Student Newsroom: Knowledge Isn't Power
At some point in our lives, we’ve all heard the phrase, “knowledge is power.” Perhaps you’ve seen it plastered on a cheesy motivational poster in the library or were lectured with this Sir Francis Bacon quote by your parents desperately trying to make you finish your homework. This implies that more intelligent people are more successful, have more control over their lives and the world around them. However, I’ve concluded that this belief is intrinsically flawed, or, at the very least, misunderstood.
“Seriously, when am I ever going to need to know how to find the imaginary roots of this quadratic equation?” You’ve inevitably heard a phrase like this escape the mouth of a high school student and have probably said the same thing yourself at some point in your life. I think this perfectly demonstrates the point I am trying to make, knowledge is only power if you apply it. In other words, knowledge is potential power.
What good does reading a book about gardening do if you never go outside and plant a garden? Why watch a motivational video if you don’t take the advice?
In our society, we are served a feast of information on a daily basis. With the internet, the wisdom we have access to is conceivably limitless, a bottomless ocean of knowledge enticing the curiosity within us. As someone who is passionate about learning, having the ability to ask any question or research any topic, satisfying my thirst for answers and understanding almost instantly, is something I see as a precious asset.
However, it is much easier to consume information than to utilize it. It’s less demanding to watch videos about changing your life, waking up earlier, eating healthier, exercising more, than to implement it. It’s less strenuous to read a book about starting a business than to actually do it.
Our brains are hard-wired to prefer taking the path of least resistance. In other words, anything we perceive as more challenging is less appealing. Imagine two mountains in the distance, which you must travel across to reach your destination. Rather than picking one and climbing over it, you are probably going to walk between them. This is obviously more logical, requiring less time and energy to do, which is why this mode of thinking is advantageous. On the other hand, it also makes us less likely to take action for things we don’t deem absolutely necessary to our survival, causing the majority of people to never reach their full potential.

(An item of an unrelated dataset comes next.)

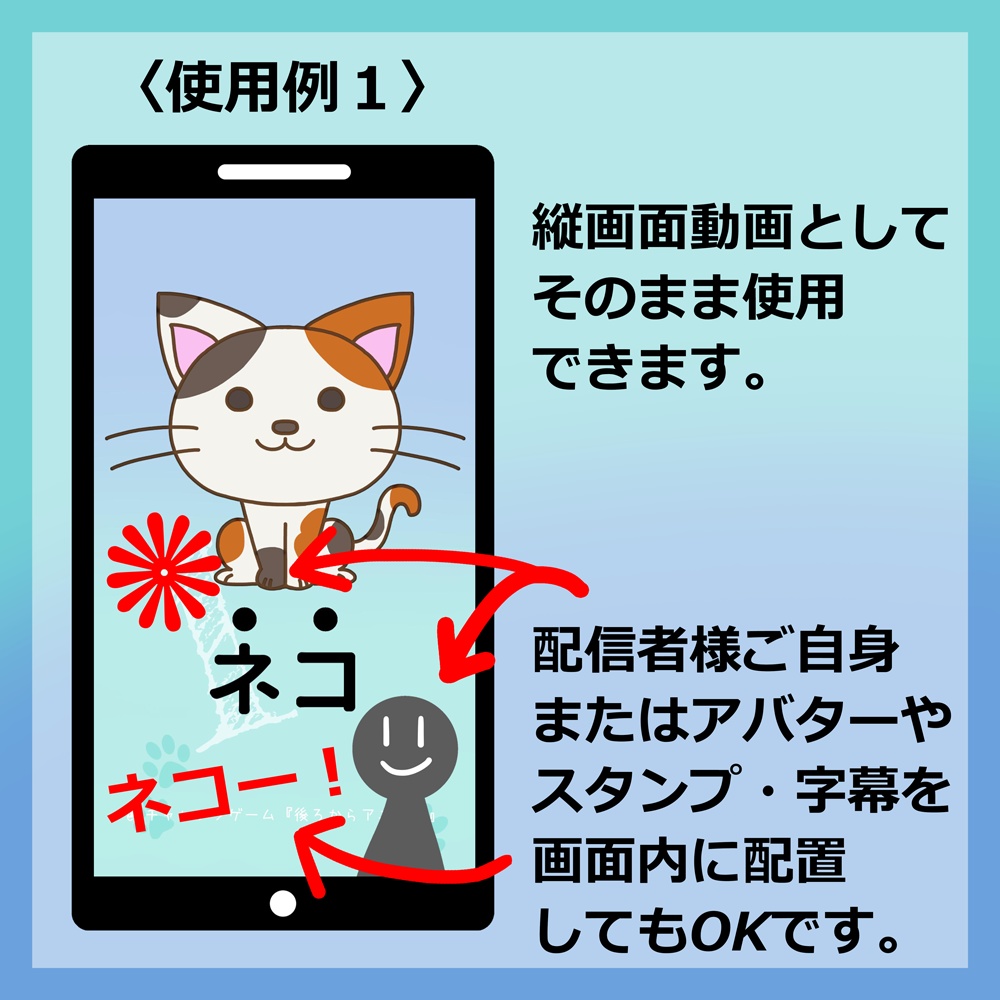 チャレンジゲーム『後ろからアニマル』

This is where the phrase, “if it were easy, everyone would do it,” comes from. Merely possessing the knowledge to make a significant impact on the world doesn’t grant you the ambition and determination to do so. What separates the mediocre from the exceptional is the devotion, the passion, the potential to transform knowledge into power. In the end, what makes a person powerful isn’t the knowledge they possess, but the effort they are willing to invest to make something out of it.